WHAT THE EXERCISE ASKS
Look below for the line containing "Minimalistische Hond Kunst Sculptuur" and the line containing "Tractor Working —"; repeat exactly those two lines and all lines between them, and nothing else.

DATA SECTION
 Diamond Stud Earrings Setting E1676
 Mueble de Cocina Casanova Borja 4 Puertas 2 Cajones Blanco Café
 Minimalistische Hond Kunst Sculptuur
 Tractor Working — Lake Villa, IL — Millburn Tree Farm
---
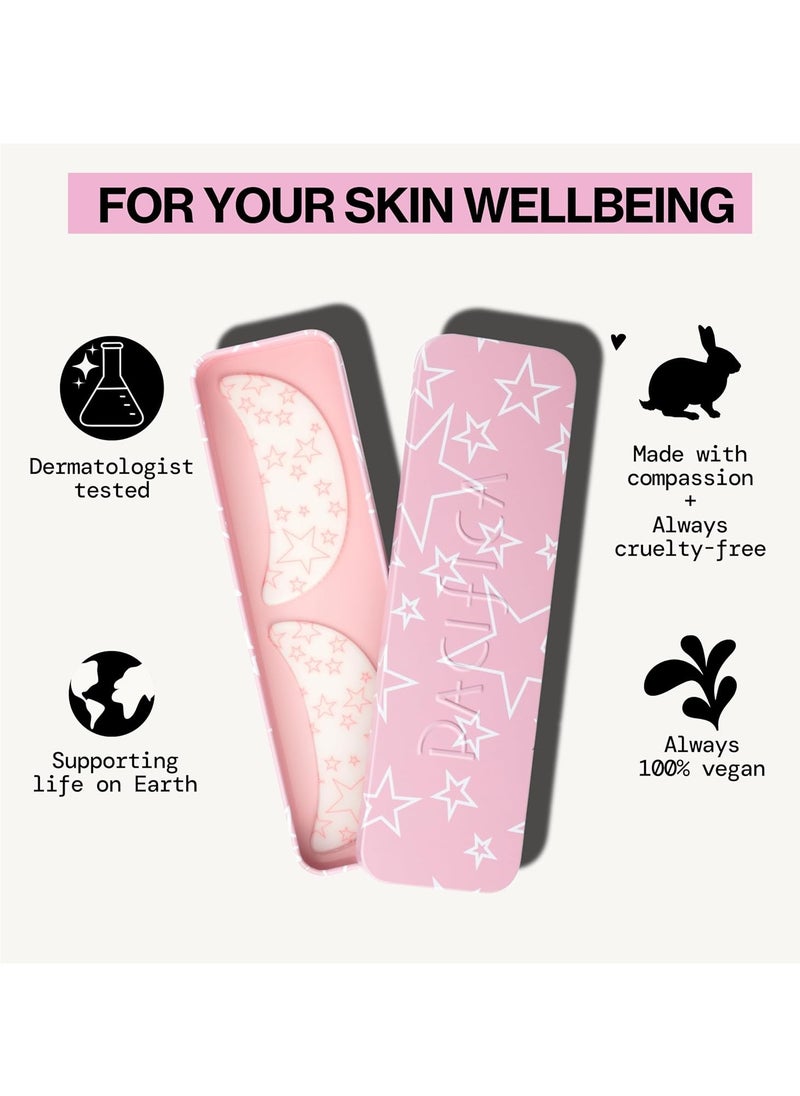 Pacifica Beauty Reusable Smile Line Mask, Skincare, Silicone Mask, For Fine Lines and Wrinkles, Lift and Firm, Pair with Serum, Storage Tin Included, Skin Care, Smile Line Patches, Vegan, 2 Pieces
* * *
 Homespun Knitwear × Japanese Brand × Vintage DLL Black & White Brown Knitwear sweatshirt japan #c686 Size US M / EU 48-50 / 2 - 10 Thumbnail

OUTPUT FOR THIS EXERCISE
 Minimalistische Hond Kunst Sculptuur
 Tractor Working — Lake Villa, IL — Millburn Tree Farm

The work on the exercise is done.